You thought that they sounded Chopin Like. I am a bit surprised by that. you are the first to say this. Although I do believe Chopin to be quite an innovative composer, I don't really subscribe to his style of "romantic" piano repertoire. Oh, and the user name was just a default choice. It was the easiest name for me to remember I could have just as easily used something like "Bachsky" or "Lisztsky". If you don't mind please show me where you are hearing Chopin in these pieces and I might reassess the work.


----------



## chopinsky

I guess I would understand if you said something like Scriabin or Rachmaninoff or even Vaughn-Williams. since I find that the harmonization that I am used to playing is not really from the Romantic or post romantic era especially in the New England pieces and The sonata 3.


----------



## Kopachris

(I've never actually listened to Scriabin, Rachmaninoff, or Vaughn-Williams.) Let me rephrase: Your pieces _reminded_ me of Chopin. Take the Postman sonata movement 3, for example: the beginning had a beautiful, unassuming melody above a very subdued bass line, something which makes me immediately think of Chopin's nocturnes, but then you added your own distinct style to it (that is, not Chopin-esque), evident in the way you developed your themes. Another thing that reminded me of Chopin is the way your recording is set up, giving the piano a resonance that sounds very "crystalline" in upper registers--the only recordings I have in my library that were set up similarly are Chopin pieces; I suppose I subconsciously linked that to Chopin. Also, seeing your username before listening to the pieces may have accidentally been a sort of subconscious suggestion that your music will sound like Chopin.

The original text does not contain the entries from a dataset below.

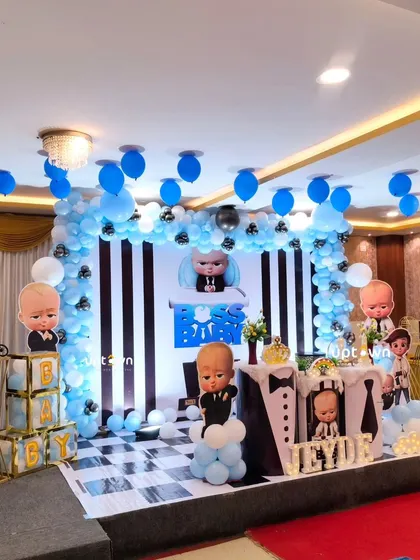 Another full view of the Boss Baby stage setup in a party hall, ready for the celebration.
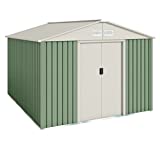 Hoggar by Okoru Caseta metálica Verde/Beige para Almacenamiento 7,86 m2 261x301x198cm. Cobertizo Jardin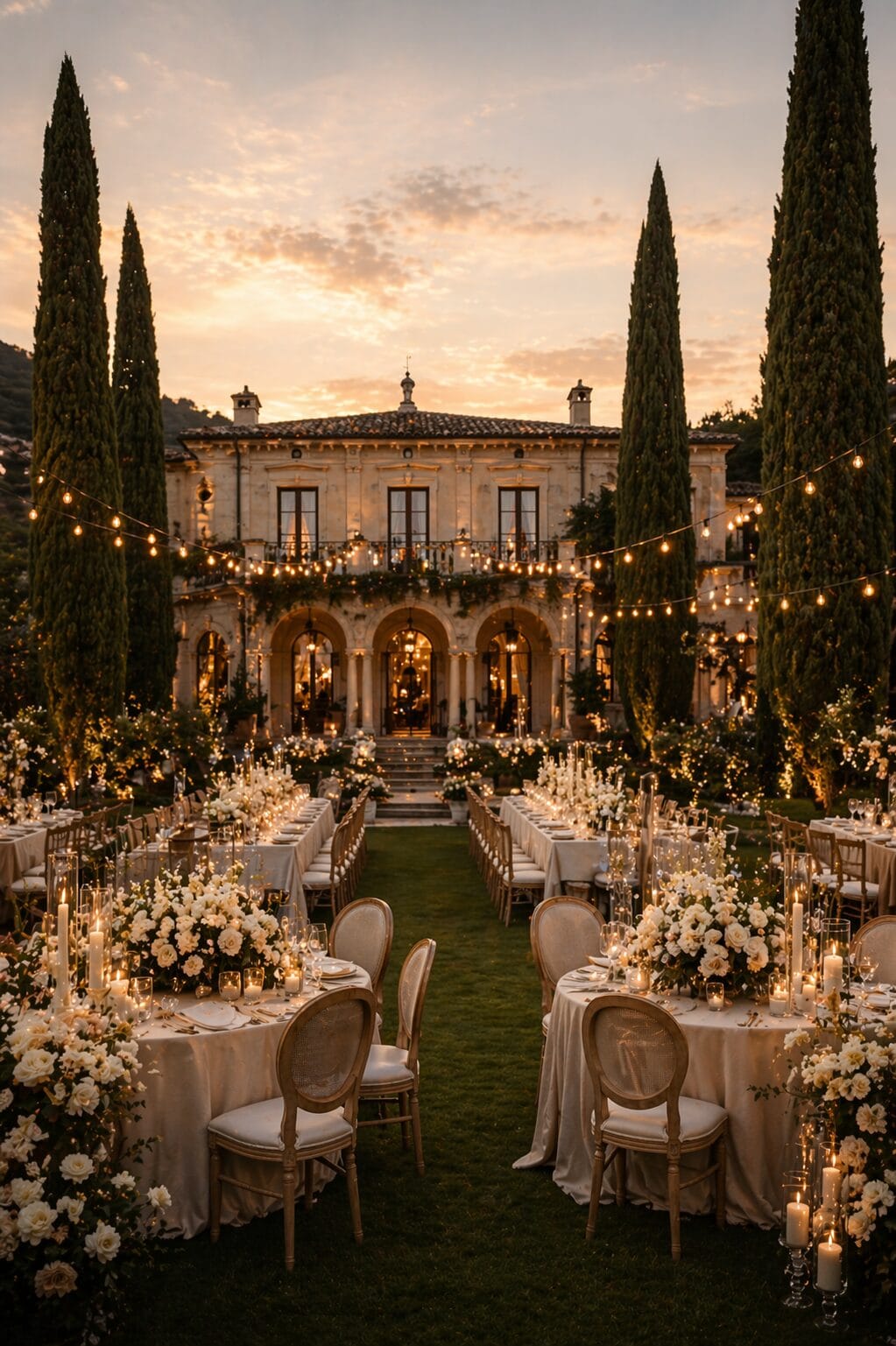 Luxury villa wedding reception in Mallorca with elegant outdoor dinner setup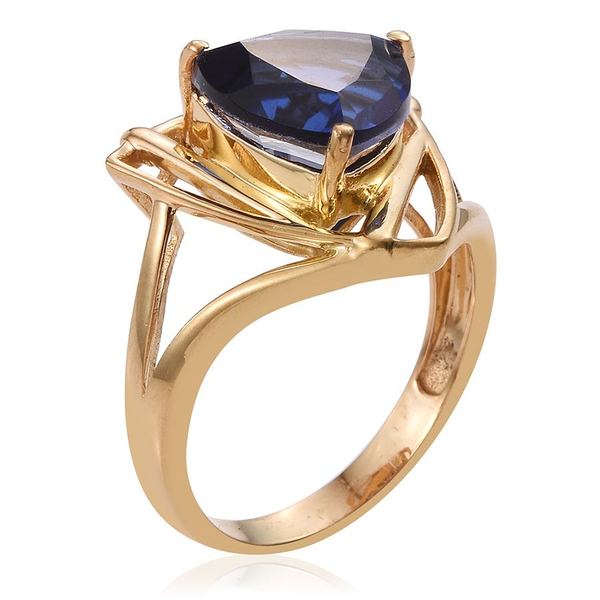 Ceylon Colour Quartz (Trl) Solitaire Ring in 14K Gold Overlay Sterling Silver 5.250 Ct.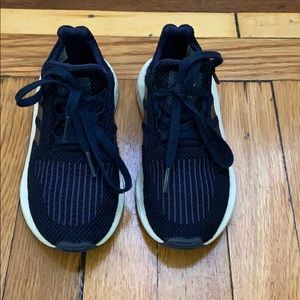 Navy blue adidas sneakers with cream sole toddler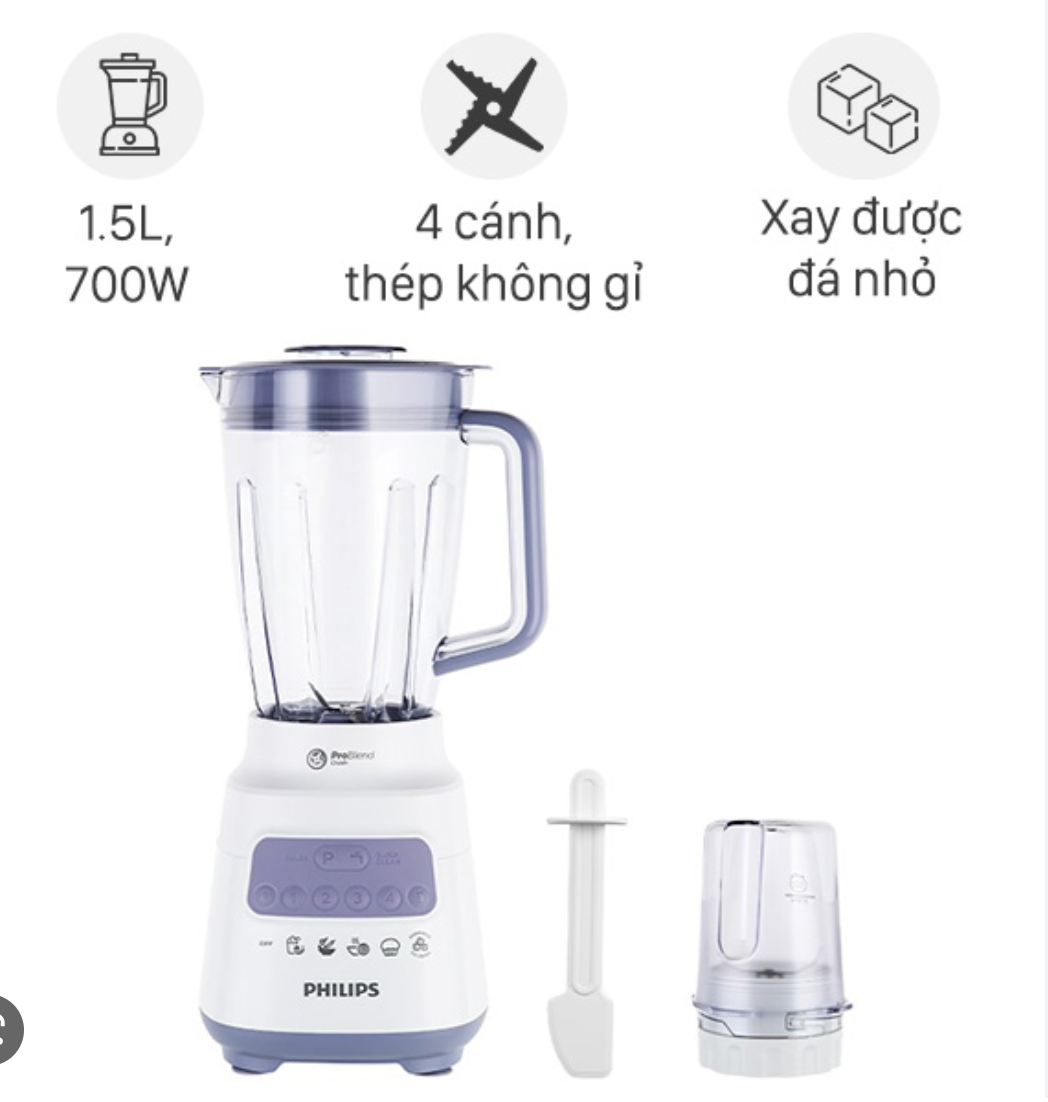 Máy xay sinh tố Philips Blender 5000 Series HR2222 cối thuỷ tinh - Hàng chính hãng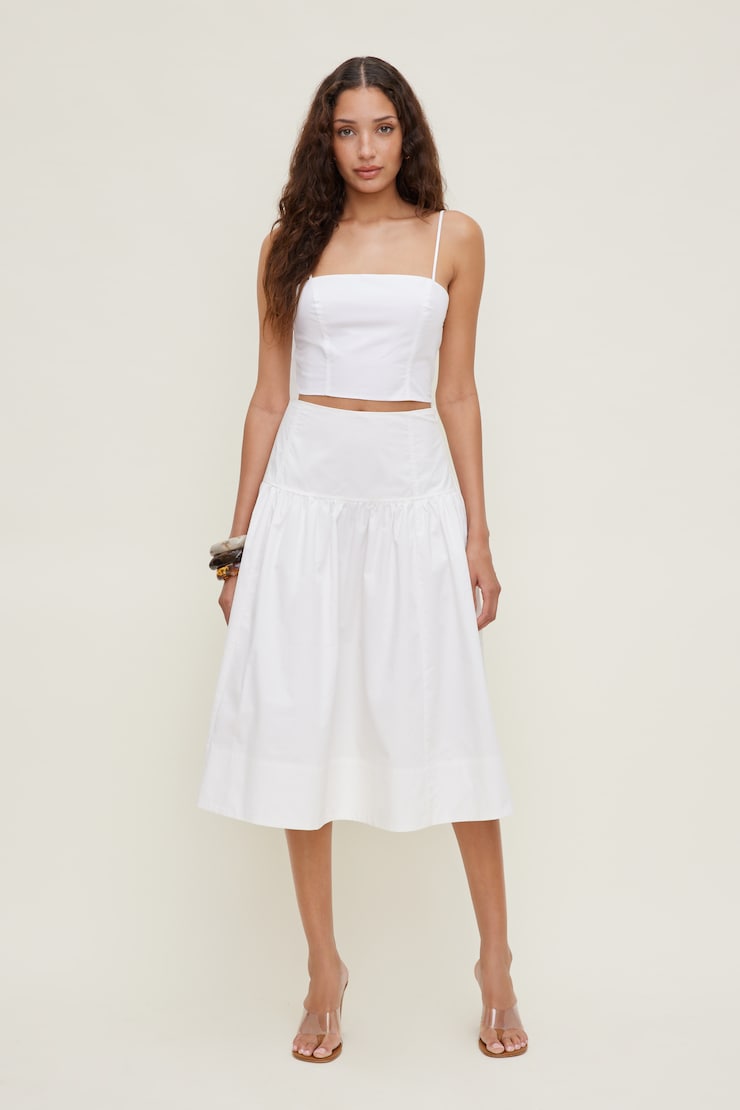 Drop Waist Poplin Midi Skirt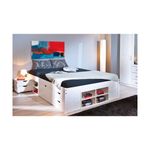 Letto-alla-Francese-140x200-Bianco-Rete-a-Doghe-con-Cassetti-una-piazza-e-mezzo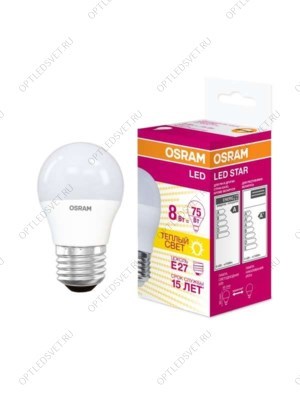 Лампа светодиодная LED 8Вт E27 CLP75 тепло-бел, матов.шар OSRAM - фото 48259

Sorry if I insulted you; I quite admire Chopin's music, and yours. :tiphat:


----------



## chopinsky

Oh, don't worry, I take it as a compliment. I now see what you are saying about the setup of the performance. I will take a look in to expanding how the piano is set up, maybe make some reverb changes and see how that sounds. I must be honest though, I have been influenced by Chopin to a certain degree. I have a piece that was directly influenced by Chopin (Mostly because of its philosophical meaning-which I think Rubinstein established) which I'll post here in a few days. I am sure you'll know it right when you hear it. 

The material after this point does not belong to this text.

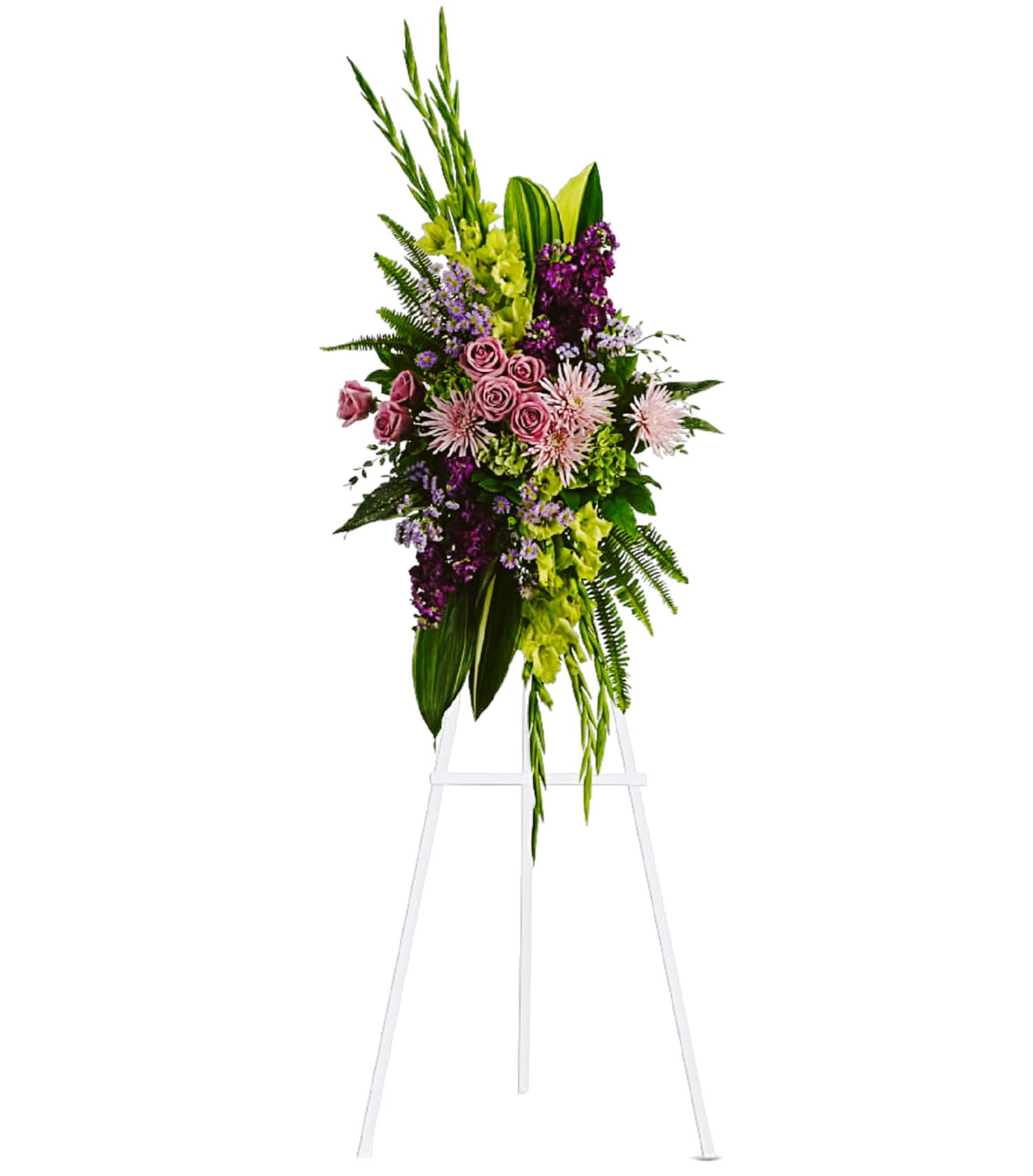 The Endless Sky Standing Spray - Soft lavender flowers - roses, fuji chrysanthemums, and asters - blend with rich purple stock, yellow gladioli, and majestic green hydrangea in this bold floral celebration of life. This stunning standing spray incorporates lush tropical greenery.  DETAILS Includes lavender larkspurs, roses, carnations, and asters, plus, green cymbidium orchids and fuji chrysanthemums.  EASEL INCLUDED Orientation: One-Sided *If you would like to add a ribbon with a sentiment for an additional $10 each. Item #NF-1038  FLORIST-TO-DOOR Same day flower delivery on most orders placed online by 12 pm or 10 am on weekends PST.  BLOOM DETAILS Roses Gladiolas Stock Hydrangeas Fuji-Chrysanthemums Monte-Casino Statice Greenery  The Standard Arrangement is approx. 54&quot; H x 25&quot; W (SHOWN) The Deluxe Arrangement is approx. 58&quot; H x 29&quot; W The Premium Arrangement is approx. 62&quot; H x 33&quot; W  INSTRUCTIONS: 1.) Please have the business name of the funeral home, address &amp; phone number. 2.) Please have the first name &amp; last name of the deceased. 3.) Please have the start time of the services. 4.) If you would like for us to write a brief message on a small business card-size note, please have your message ready.  How to place an order? 1. You can place an order directly on this secure website OR 2. You can call in your order by dialing: (323) 262 - 9238 OR 3. You can visit our store (appointment recommended 323.262.9238)  NINFA'S FLOWERS 2405 WHITTIER BLVD. LOS ANGELES, CA. 90023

Thanks for your comments and compliments


----------



## Ravellian

What playback software are you using? I thought it was being performed at first, but those runs in the 1st movement are impossible to play like that - it's obviously been digitized. 

Anyway, very lovely pieces. Just an opinion about the 1st and 3rd movements of the sonata, I felt they are were bit repetitive because they are 8 minutes long with essentially the same melodic rhythm throughout. Perhaps try to incorporate contrasting themes of a different character? Just an idea.


----------



## chopinsky

Hello Ravellian, thanks for your comments. I also have a little bit of feedback.

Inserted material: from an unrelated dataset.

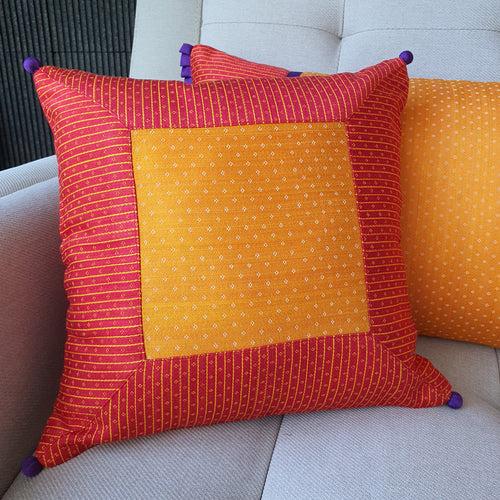 Yellow Patchwork Mashru Cushion Cover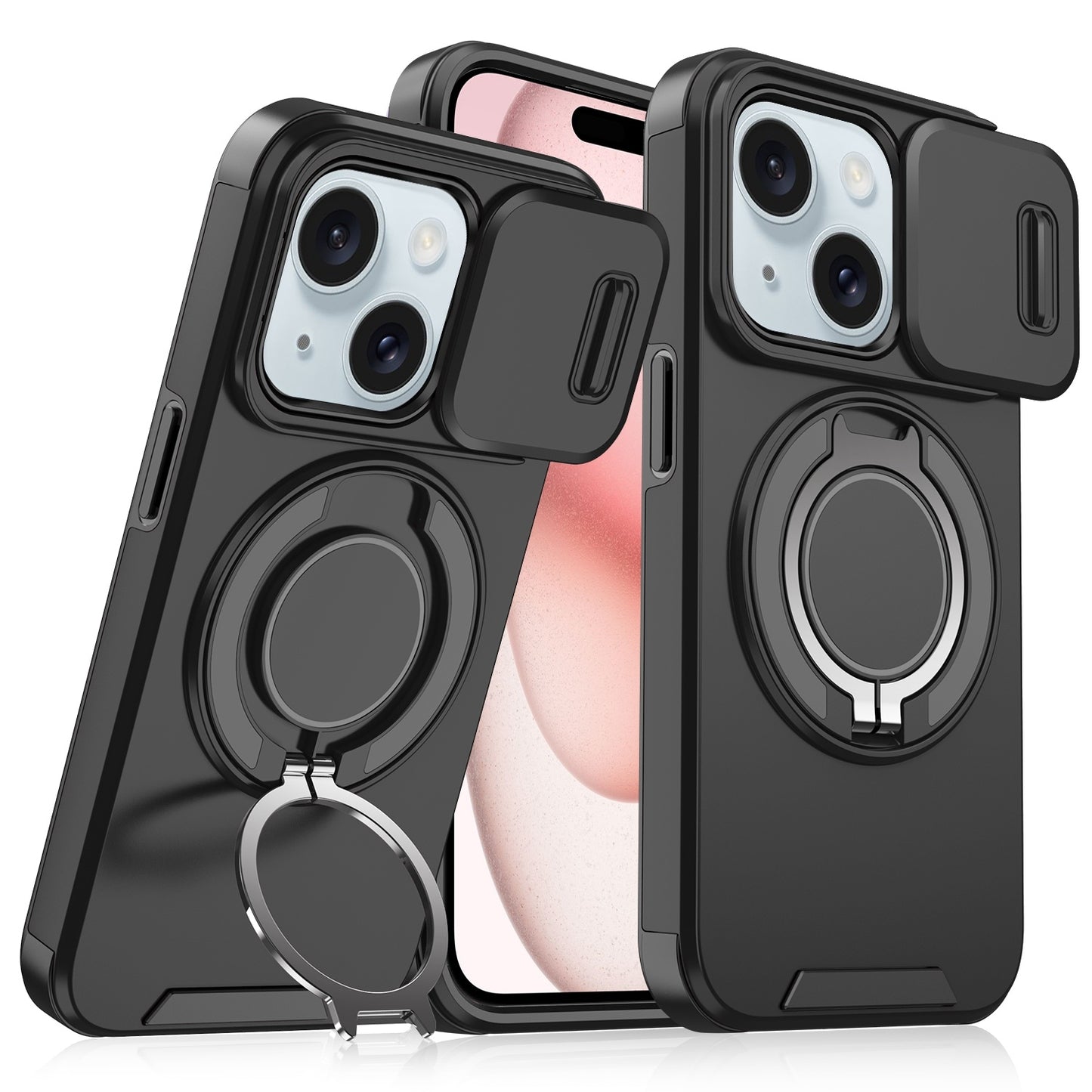 ELECTROPRIME For iPhone 15 Sliding Camshield Ring Holder Phone Case(Black)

1. Playback devises? there are none, if anything I increased the speed of the performance by a few clicks, but no playback devises. That is a pretty strong statement you are making, and I am wondering why you would think this. those "runs" that you are talking about are just scales in D-Sharp lydian Mode. which apart from D-flat major scales are probably the easiest to play on the piano. I have heard pianists playing G-minor runs faster than what you hear in this piece, and it is only those two measures that you really hear any speed at all in the runs (Maybe I'll post the sheet music and you can have a look for your self- You are the first to make this statement, even among those who have the sheet music and have heard the recording). 
I will however, take your advise and maybe do another recording, that is more honest, and Stick to the Speed at which I play it, But the video might be a minute or so longer.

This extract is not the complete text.